Using only the entries below, output the lines starting at the one containing "Justin Spencer of Recycled Percussion" and ending at the one containing "LUFTKRISTALLMASK - FÄRG - SVART-LILAC", exactly and inclusive of both, omitting the pictures.

■ **STUDY MATERIAL**

:::::

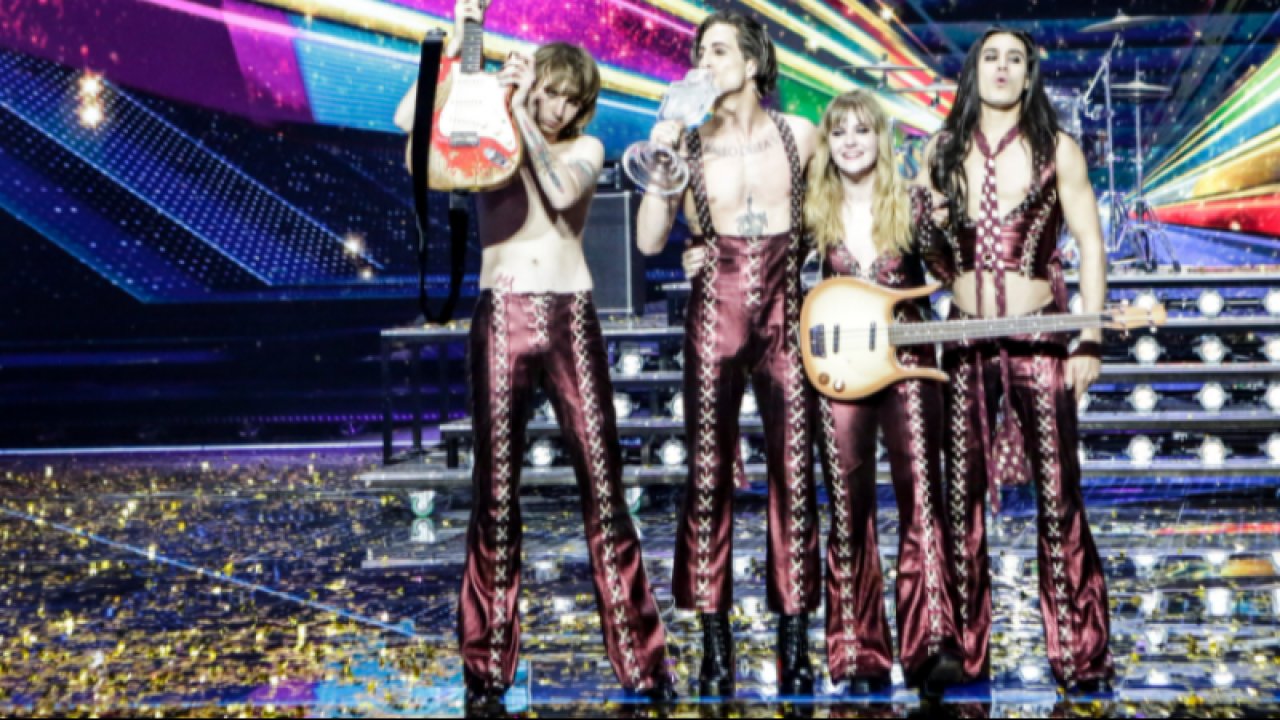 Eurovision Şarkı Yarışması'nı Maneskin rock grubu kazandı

:::::

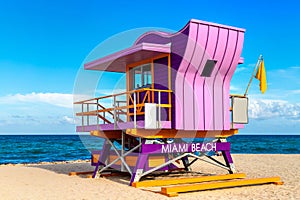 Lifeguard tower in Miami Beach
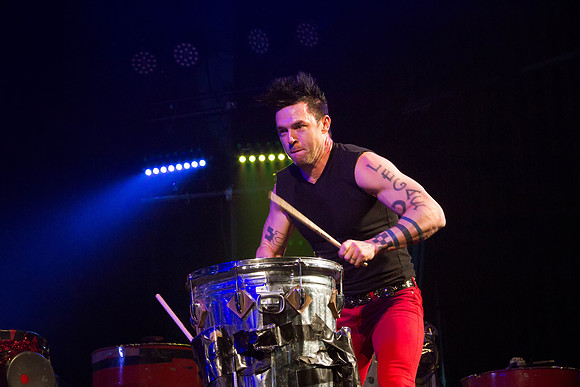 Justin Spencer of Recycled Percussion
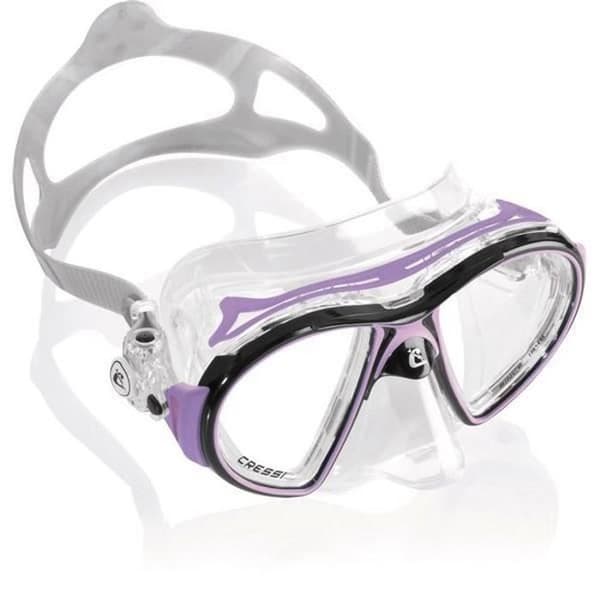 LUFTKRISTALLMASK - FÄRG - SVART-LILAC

:::::

■ **SOLUTION FOR THIS EXERCISE**
 Justin Spencer of Recycled Percussion
 LUFTKRISTALLMASK - FÄRG - SVART-LILAC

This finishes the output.